This is the exact problem:
Suppose that $X, Y$ are random variables with $Sx =2, Sy = 3$. Let $Z = 3X - 2Y$, and assume that $Sz = 6$. Find the covariance, $\text{cov}(X, Y)$.
I have equations for covariance but they involve the means of $X$ and $Y$, or the correlation of $X$ and $Y$.
Any ideas?
The trick is to recall the formula $$\operatorname{Var}[cA + dB] = c^2 \operatorname{Var}[A] + d^2 \operatorname{Var}[B] + 2cd \operatorname{Cov}[A,B].$$ Apply this for a suitable choice of constants $c, d$ and random variables $A, B$.

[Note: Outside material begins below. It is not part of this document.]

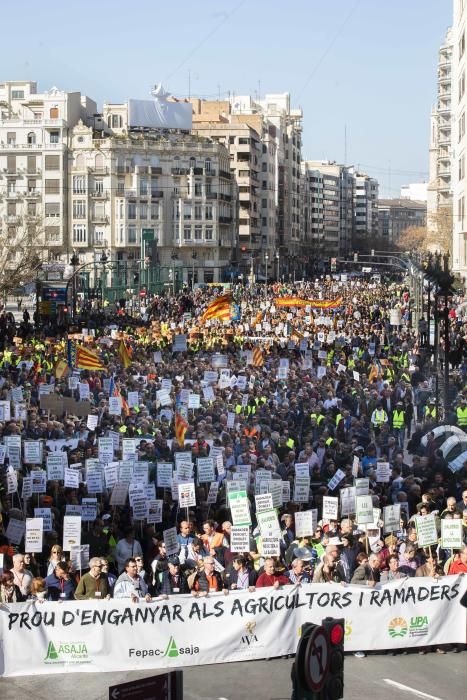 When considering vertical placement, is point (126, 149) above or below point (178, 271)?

We work with variances, not standard deviations. We have $$\text{Var}(Z)=\text{Var}(3X-2Y)=9\text{Var}(X)+4\text{Var}(Y)-12\text{Cov}(X,Y).\tag{1}$$ Formula (1) together with the given information are enough to calculate $\text{Cov}(X,Y)$.
Remark: Although the standard defining formulas for variance and covariance involve the mean, in a sense the mean is irrelevant. If $X'=a+X$ and $Y'=b+Y$, then the variance of $X'$ is the same as the variance of $X$, the variance of $Y'$ is the same as the variance of $Y$, and the covariances also match.